5. Questa descrizione, insieme con tutto ciò che la Sacra Scrittura dice in diversi luoghi circa l’opera della creazione e circa Dio Creatore, ci permette di porre in risalto alcuni elementi: 1) Dio ha creato il mondo da solo. La potenza creatrice non è trasmissibile: “incommunicabilis”; 2) Dio ha creato il mondo di propria volontà, senza alcuna costrizione esteriore né obbligo interiore. Poteva creare e non creare; poteva creare questo mondo o un altro; 3) Il mondo è stato creato da Dio nel tempo, quindi esso non è eterno: ha un inizio nel tempo; 4) Il mondo creato da Dio è costantemente mantenuto dal Creatore nell’esistenza. Questo “mantenere” è, in un certo senso, un continuo creare (“Conservatio est continua creatio”).
6. Da quasi duemila anni la Chiesa professa e proclama invariabilmente la verità che la creazione del mondo visibile e invisibile è opera di Dio, in continuità con la fede professata e proclamata da Israele, il popolo di Dio dell’antica alleanza. La Chiesa spiega e approfondisce questa verità, utilizzando la filosofia dell’essere e la difende dalle deformazioni che sorgono di quando in quando nella storia del pensiero umano.
Il magistero della Chiesa ha confermato con particolare solennità e vigore la verità che la creazione del mondo è opera di Dio nel Concilio Vaticano I, in risposta alle tendenze del pensiero panteistico e materialistico del tempo. Quei medesimi orientamenti sono presenti anche nel nostro secolo in alcuni sviluppi delle scienze esatte e delle ideologie atee.
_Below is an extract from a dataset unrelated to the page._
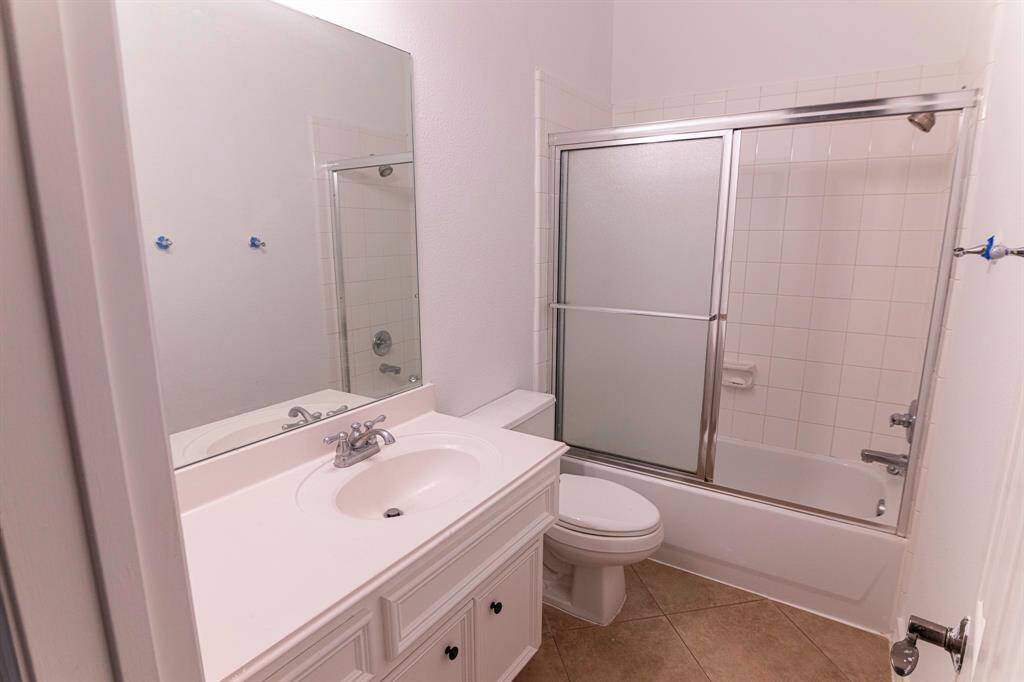Full Bathroom located next to 2/3 Bedrooms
Nella costituzione “Dei Filius” del Concilio Vaticano I leggiamo: “Questo unico vero Dio, nella sua bontà e onnipotente virtù, non per aumentare la sua beatitudine, né per acquistare, ma per manifestare la sua perfezione mediante i beni che distribuisce alle creature, con decisione sommamente libera, simultaneamente fin dall’inizio del tempo trasse dal nulla l’una e l’altra creatura, la spirituale e la corporale, cioè l’angelica e la materiale, e poi la creatura umana, quasi dell’una e dell’altra partecipe, essendo costituita di spirito e di corpo” (Conc. Later. IV, c. I, De fide catholica) (Conc. Vat. I, Const. Dei Filius, c. I: Denz-Schonm. 3002).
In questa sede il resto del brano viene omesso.